If you don’t want to fight the hypothetical, it’s a one-shot and you don’t get multiple trials to come out ahead in. If you want to make it real-world, you have to take into account that there are scams and the possibility of the house going broke,

A lot of people who play poker regularly enjoy gambling for it’s own sake, and like the chance to throw down money in general. Of course someone who simply likes gambling would take the bet, because they get some value simply out of making the play in the first place. Being able to make a break-even bet over and over is a win for them because it’s fun, the fact that it’s actually significantly +EV is icing on the cake. I’ve met plenty of people who will buy into a poker tournament and use the downtime while they have a bad hand to check their sports betting numbers or engage in side bets with other people.
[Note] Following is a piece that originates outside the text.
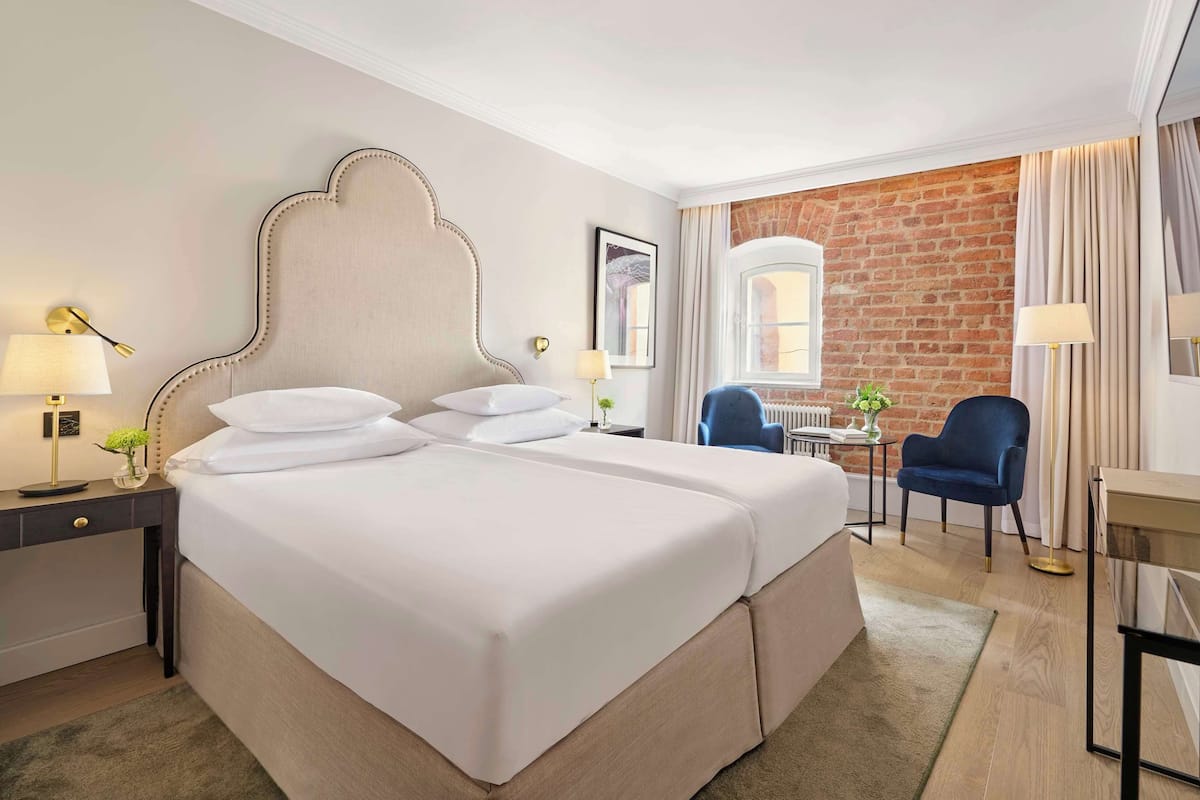 Standard Double or Twin Room, 2 Twin Beds | 1 bedroom, premium bedding, pillowtop beds, minibar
And don’t forget the old joke - “How do you get a professional poker player off your porch?” “Pay for the pizza!”. (There are a lot more broke-ass ‘professional’ poker players than the few TV stars, who generally don’t actually make their money from playing regular poker anyway).

There are, however, plenty of opportunities over the course of your life to take a calculated risk, in which you have a reasonable idea of the potential reward, potential loss, and rough chance of each occurrence. Do you agree? Everything from deciding whether to try a new restaurant to deciding whether to ask your boss for a raise to deciding whether to move to a new city to deciding whether to have kids. I mean, sure, sometimes it’s not clear what the chances are: how do you calculate the odds of your kid being an asshole? But often, you can make rough estimates for all three factors (risk, reward, odds).
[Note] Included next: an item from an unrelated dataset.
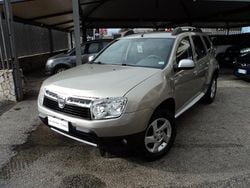Oro Usata 2012 Dacia Duster Lauréate SUV | 5700 € (Buon prezzo)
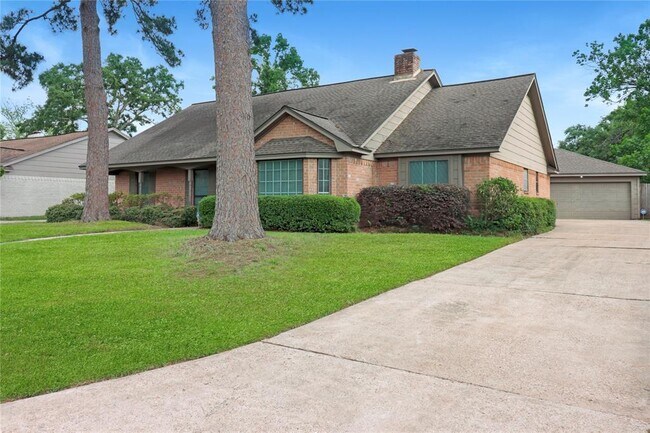 Building Photo - 731 Rustyleaf Ln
If you agree with that, do you agree that people who take the risk when the EV is good will, over the course of their life, and assuming the risk isn’t life-altering (death, life in prison, etc.), will come out better than those who don’t take the risk?

Risk aversion can be included in that calculation: if you’re risk-averse, you should include your sensation of dread as potential loss.

I don’t understand this. If you knew if you paid someone $1500 they would give you $50,000, you wouldn’t get $1500 to give them?

Depends what you mean by “easily” but the odds of that happening are quite remote.